*PROBLEM TO WORK ON:*
Pictures in the records below must be left out. Return exactly the lines from the line with "Produktbild von Merry" to the line with "Diamond Butterfly Studs", both included.
━━ EXERCISE MATERIAL ━━
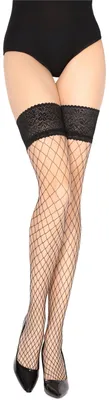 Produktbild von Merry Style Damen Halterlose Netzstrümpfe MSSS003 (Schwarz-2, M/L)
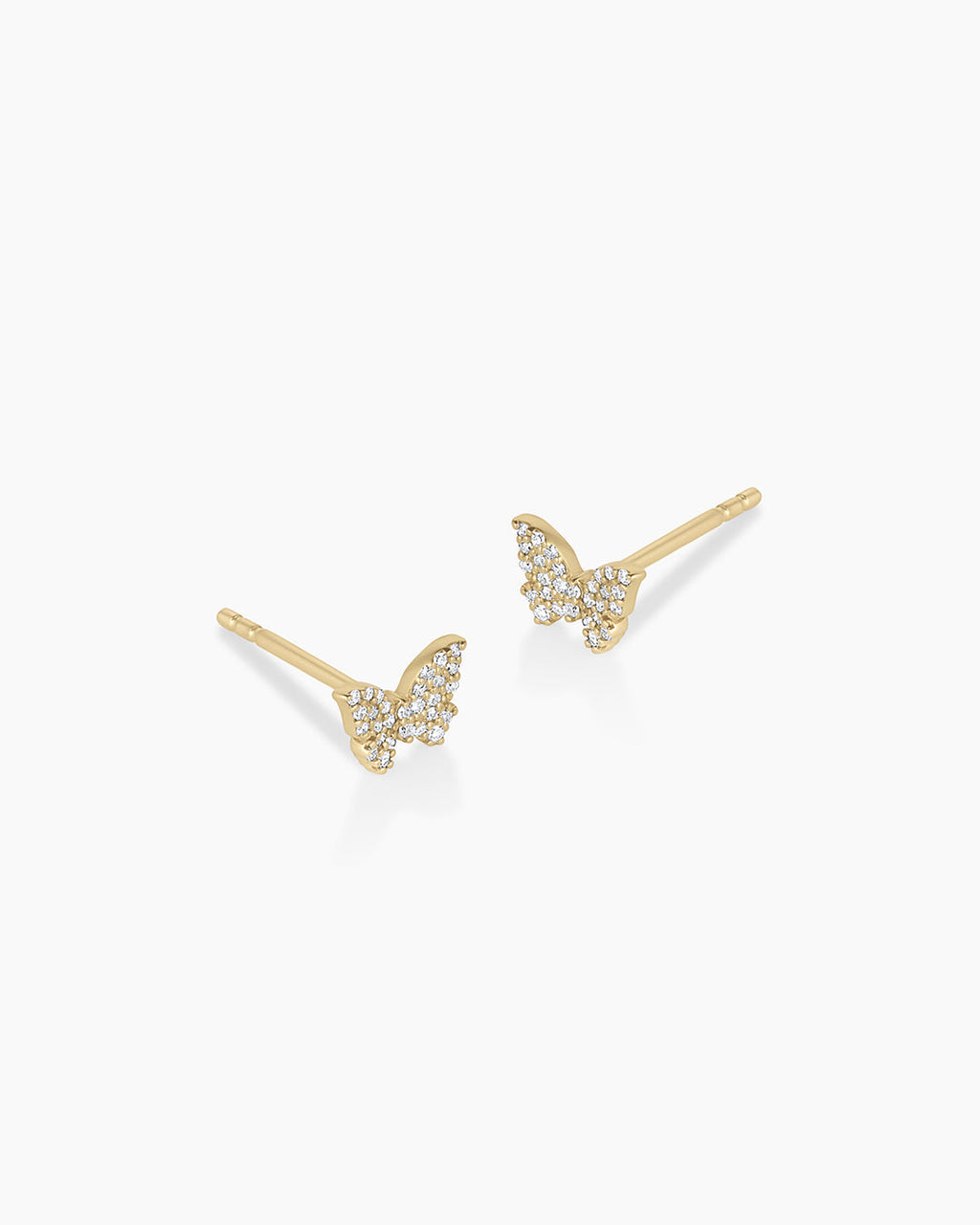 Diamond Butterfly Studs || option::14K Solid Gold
━━━
━━ EXERCISE MATERIAL ━━
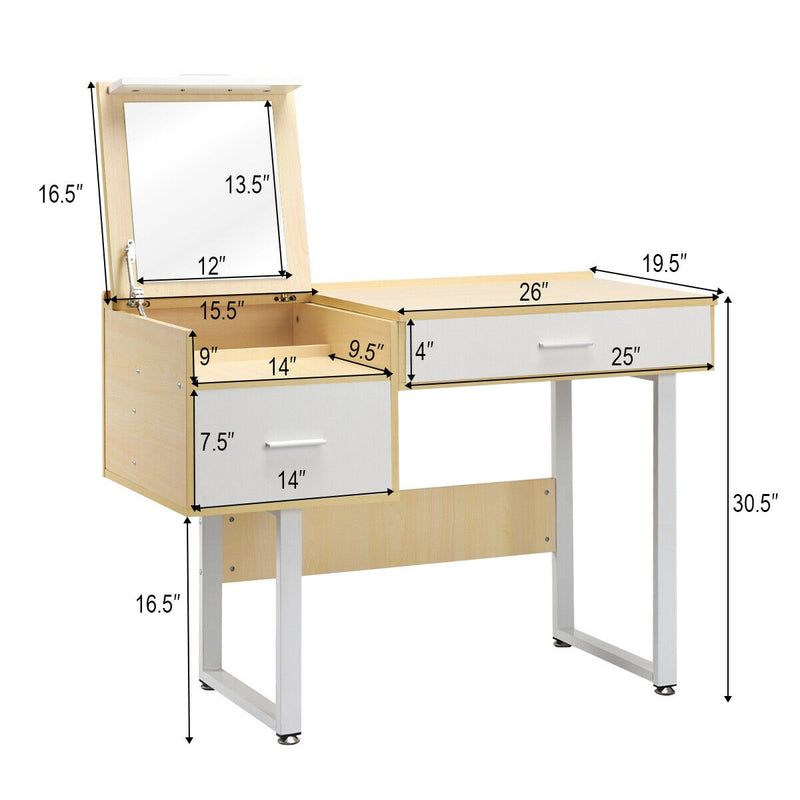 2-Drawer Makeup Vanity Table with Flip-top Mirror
━━━
*PROBLEM SOLUTION:*
 Produktbild von Merry Style Damen Halterlose Netzstrümpfe MSSS003 (Schwarz-2, M/L)
 Diamond Butterfly Studs || option::14K Solid Gold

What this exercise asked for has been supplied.